Stellen Sie sich vor, Sie sind zur Hochzeit der Tochter eines Freundes eingeladen worden. Sie haben die Tochter schon länger nicht mehr gesehen. Außerdem würden Sie gerne wissen, wer von den anwesenden Männern eigentlich der Bräutigam ist. Als ein junger Mann vorübergeht, deutet Ihre Gastgeberin diskret mit dem Finger auf ihn. Nun wissen Sie, wer es ist. Erstaunlich, nicht wahr?
Anatomie II: Kein Gedanke zu tief, kein Kopf zu schwer
Wieso können wir eigentlich Fingerzeige verstehen? Und wie funktioniert die Sprache der Zeigegesten? Was ist für ihre korrekte Interpretation notwendig? Und aus welchen Ursprüngen haben sich die verschiedenen Sprachen der Menschen entwickelt? Diesen Fragen ist Michael Tomasello, Kodirektor des Leipziger Max-Planck-Instituts für evolutionäre Anthropologie, in seinem neuen Buch über die Ursprünge menschlicher Kommunikation nachgegangen (Die kulturelle Entwicklung des menschlichen Denkens: Zur Evolution der Kognition, Suhrkamp 2009).

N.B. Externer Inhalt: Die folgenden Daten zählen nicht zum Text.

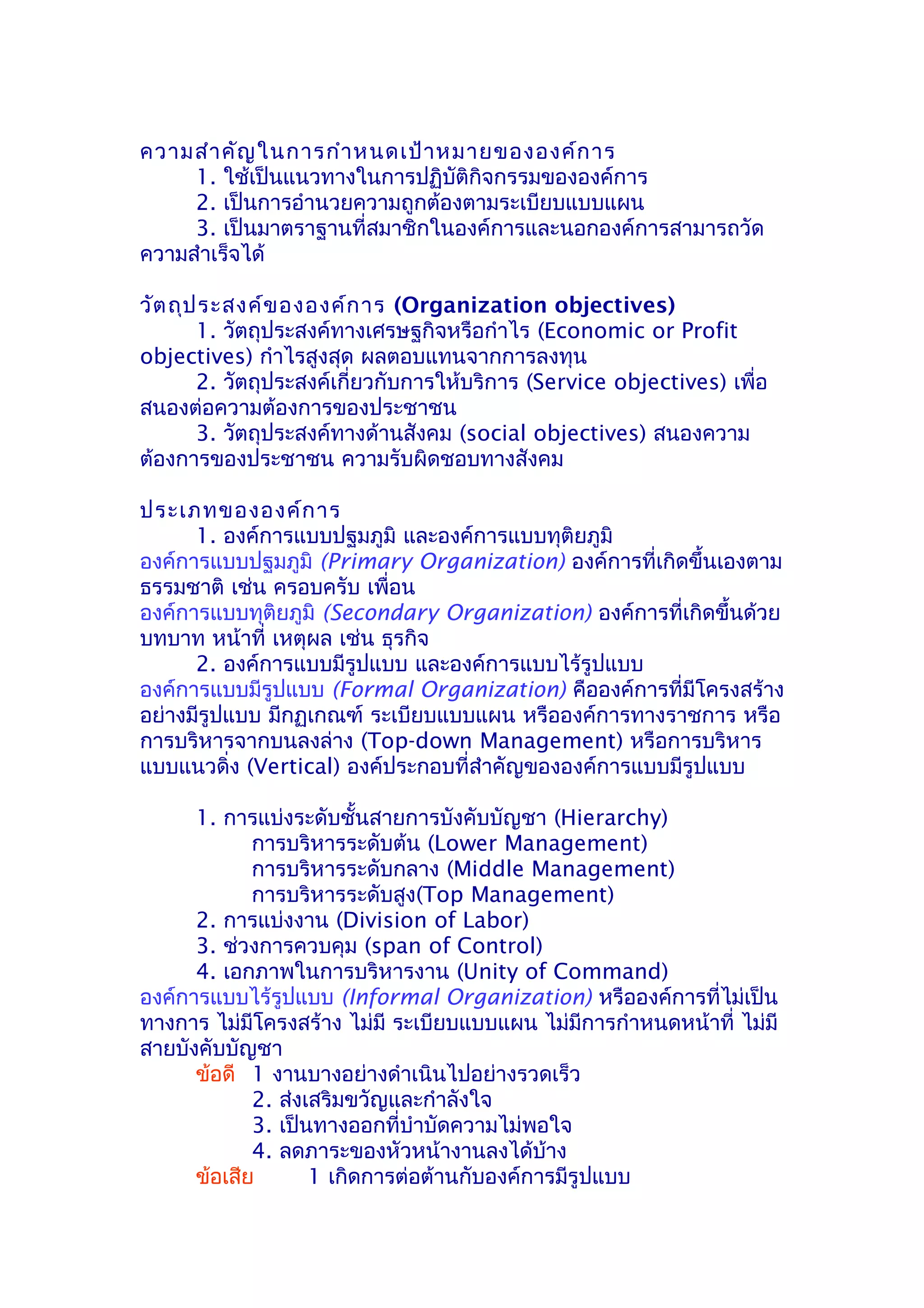 ความสำา คัญ ในการกำา หนดเป้า หมายขององค์ก าร
     1. ใช้เป็นแนวทางในการปฏิบัติกิจกรรมขององค์การ
     2. เป็นการอำานวยความถูกต้องตามระเบียบแบบแผน
     3. เป็นมาตราฐานที่สมาชิกในองค์การและนอกองค์การสามารถวัด
ความสำาเร็จได้

วัต ถุป ระสงค์ข ององค์ก าร (Organization objectives)
       1. วัตถุประสงค์ทางเศรษฐกิจหรือกำาไร (Economic or Profit
objectives) กำาไรสูงสุด ผลตอบแทนจากการลงทุน
       2. วัตถุประสงค์เกี่ยวกับการให้บริการ (Service objectives) เพื่อ
สนองต่อความต้องการของประชาชน
       3. วัตถุประสงค์ทางด้านสังคม (social objectives) สนองความ
ต้องการของประชาชน ความรับผิดชอบทางสังคม

ประเภทขององค์ก าร
      1. องค์การแบบปฐมภูมิ และองค์การแบบทุติยภูมิ
องค์การแบบปฐมภูมิ (Primary Organization) องค์การที่เกิดขึ้นเองตาม
ธรรมชาติ เช่น ครอบครับ เพื่อน
องค์การแบบทุติยภูมิ (Secondary Organization) องค์การที่เกิดขึ้นด้วย
บทบาท หน้าที่ เหตุผล เช่น ธุรกิจ
      2. องค์การแบบมีรูปแบบ และองค์การแบบไร้รูปแบบ
องค์การแบบมีรูปแบบ (Formal Organization) คือองค์การที่มีโครงสร้าง
อย่างมีรูปแบบ มีกฏเกณฑ์ ระเบียบแบบแผน หรือองค์การทางราชการ หรือ
การบริหารจากบนลงล่าง (Top-down Management) หรือการบริหาร
แบบแนวดิ่ง (Vertical) องค์ประกอบที่สำาคัญขององค์การแบบมีรูปแบบ

      1. การแบ่งระดับชั้นสายการบังคับบัญชา (Hierarchy)
             การบริหารระดับต้น (Lower Management)
             การบริหารระดับกลาง (Middle Management)
             การบริหารระดับสูง(Top Management)
      2. การแบ่งงาน (Division of Labor)
      3. ช่วงการควบคุม (span of Control)
      4. เอกภาพในการบริหารงาน (Unity of Command)
องค์การแบบไร้รูปแบบ (Informal Organization) หรือองค์การที่ไม่เป็น
ทางการ ไม่มีโครงสร้าง ไม่มี ระเบียบแบบแผน ไม่มีการกำาหนดหน้าที่ ไม่มี
สายบังคับบัญชา
      ข้อดี 1 งานบางอย่างดำาเนินไปอย่างรวดเร็ว
             2. ส่งเสริมขวัญและกำาลังใจ
             3. เป็นทางออกที่บำาบัดความไม่พอใจ
             4. ลดภาระของหัวหน้างานลงได้บ้าง
      ข้อเสีย       1 เกิดการต่อต้านกับองค์การมีรูปแบบ
 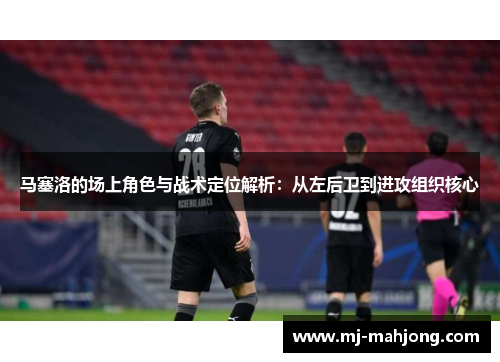 马塞洛的场上角色与战术定位解析：从左后卫到进攻组织核心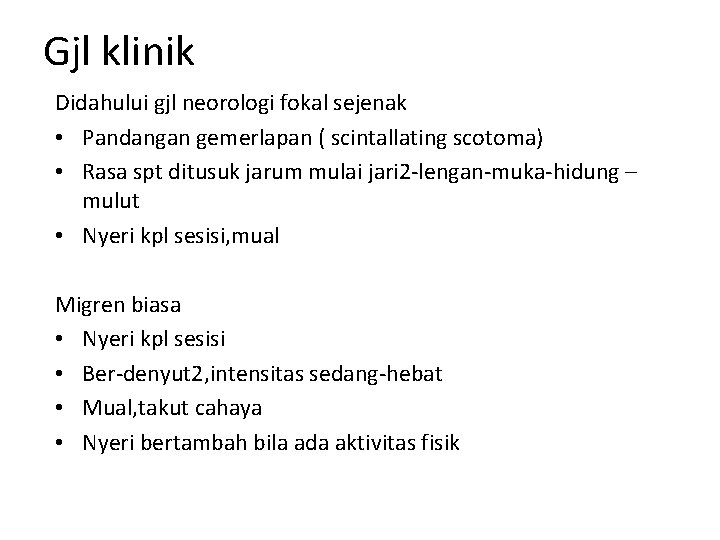 Gjl klinik Didahului gjl neorologi fokal sejenak • Pandangan gemerlapan ( scintallating scotoma) •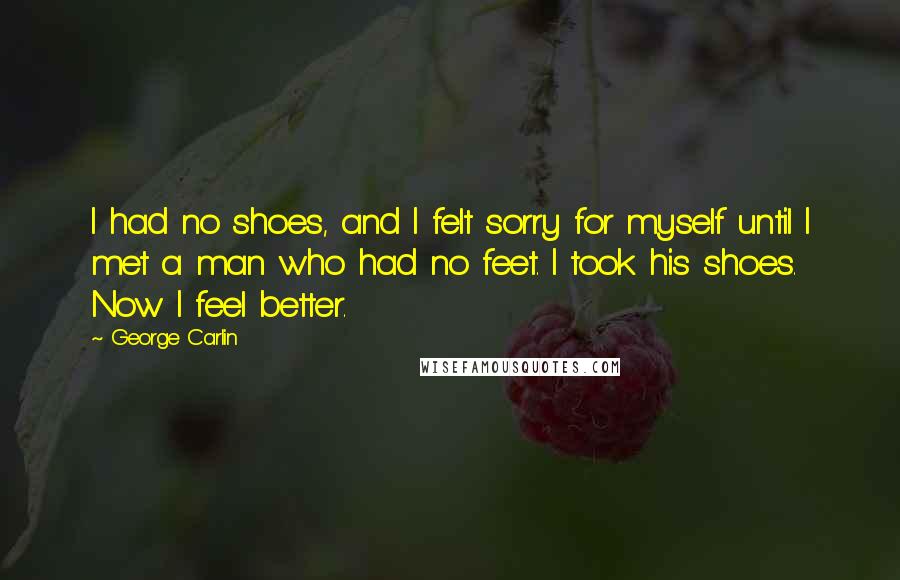 George Carlin Quotes: I had no shoes, and I felt sorry for myself until I met a man who had no feet. I took his shoes. Now I feel better.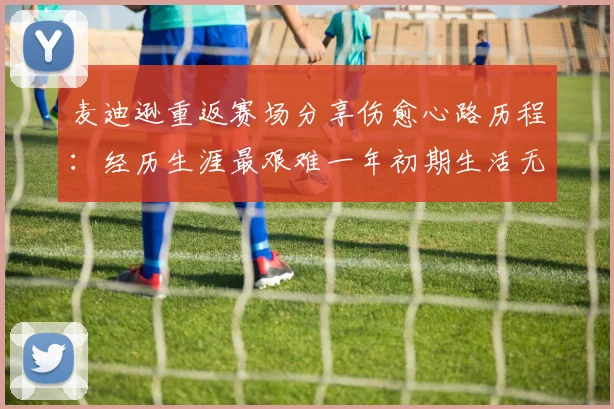 麦迪逊重返赛场分享伤愈心路历程：经历生涯最艰难一年初期生活无法自理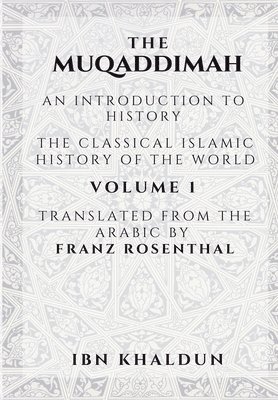Ibn Khaldun - Muqaddimah, Häftad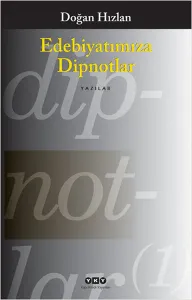 Edebiyatımıza Dipnotlar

Tomasello glaubt, in den Zeigegesten den Ursprung für die Entstehung von Sprache gefunden zu haben. Er versucht evolutionär zu erklären, aus welchen Motiven und Denkstrukturen sich die Fähigkeit zur Produktion und zum Verstehen von Sprache und Gesten entwickelt hat. Hierzu teilt er die Kommunikationsmotive in drei große Klassen ein: Erstens, die Motive des Aufforderns, die sich darauf richten, dass andere etwas für einen selbst tun. Zweitens Motive des Informierens, die zum Ziel haben, anderen Dinge mitzuteilen, die für sie nützlich sind. Und drittens Motive des Teilens von Gefühlen und Einstellungen, deren Sinn darin besteht, andere dazu zu bringen, die gleichen Gefühlsreaktionen auf bestimmte Dinge und Einstellungen zu entwickeln.
Der Wert der Kooperation
Erstaunlicherweise hat sich bei der vergleichenden Untersuchungen mit Menschenaffen herausgestellt, dass die beiden letzteren Arten von Motiven nur beim Menschen vorkommen. Schimpansen verstehen zwar, dass andere Primaten (darunter auch Menschen), Ziele haben und die Welt wahrnehmen. Sie verfügen also über ein Verständnis individueller Intentionalität. Es fehlt ihnen jedoch völlig an einem Verständnis kollektiver oder geteilter Intentionalität, die bei allen gemeinsamen Handlungen mit gemeinsamen Zielen vorkommt und von Kleinkindern schon mit etwa einem Jahr verstanden wird. Die beiden Motive des Informierens und Teilens sind im Unterschied zum Motiv des Aufforderns kooperative Motive, bei denen man entweder etwas zugunsten von jemand anderem tun will (nämlich ihn informieren) oder sich so verhalten will, wie die anderen es tun.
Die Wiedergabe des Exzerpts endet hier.